You do five sets of 30 chest compressions and 2 breaths.  If you are by yourself, at this point you call 9-1-1 again and do what they tell you to do.  More often than not, this means that you continue with this process until more qualified help arrives on the scene.

Elizabeth and I each practiced on the mannequin numerous times, going through the whole process and making sure that we had the steps down.  Then we moved on to the infant mannequin.

AHHHHHHHH!!!!!!
The process was basically the same for the infant as it was for the child.  Instead of using your full hand, however, the nurse said to use two fingers to do chest compressions.  Do the same pressure and the same rate (keep singing "Staying Alive").  When it comes to breaths, make sure to cover both their mouth and their nose with your mouth.  Other than that, repeat the same steps as you did with the child.

We also learned what to do with a choking child and infant, which is really just the Heimlich maneuver.  Make a fist and push it into the child's midsection, you know the drill.  The scary version of this was with the infant mannequin.  Because you can't use a fist (it'd be too big), you have to instead dip the baby upside down and whack it on it's back.  Nugget, you are going to be on a liquid diet until high school...

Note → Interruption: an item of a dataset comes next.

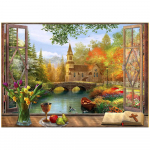 3D teemanttikandid ristpistes &uuml;mmarguse kivimaaling v&auml;ljaspool akent Full Round 20x25CM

These are both scary scenarios, and I know that odds are that at one point in his life, Nugget will run the risk of choking or passing out and requiring CPR.  It will be important for me to channel my inner Han Solo and not lose my cool.  I think the Baby CPR class helped me with this.

Or, at the very least, it helped Elizabeth so she can give CPR to us both.


Now, the real question...what class was this for?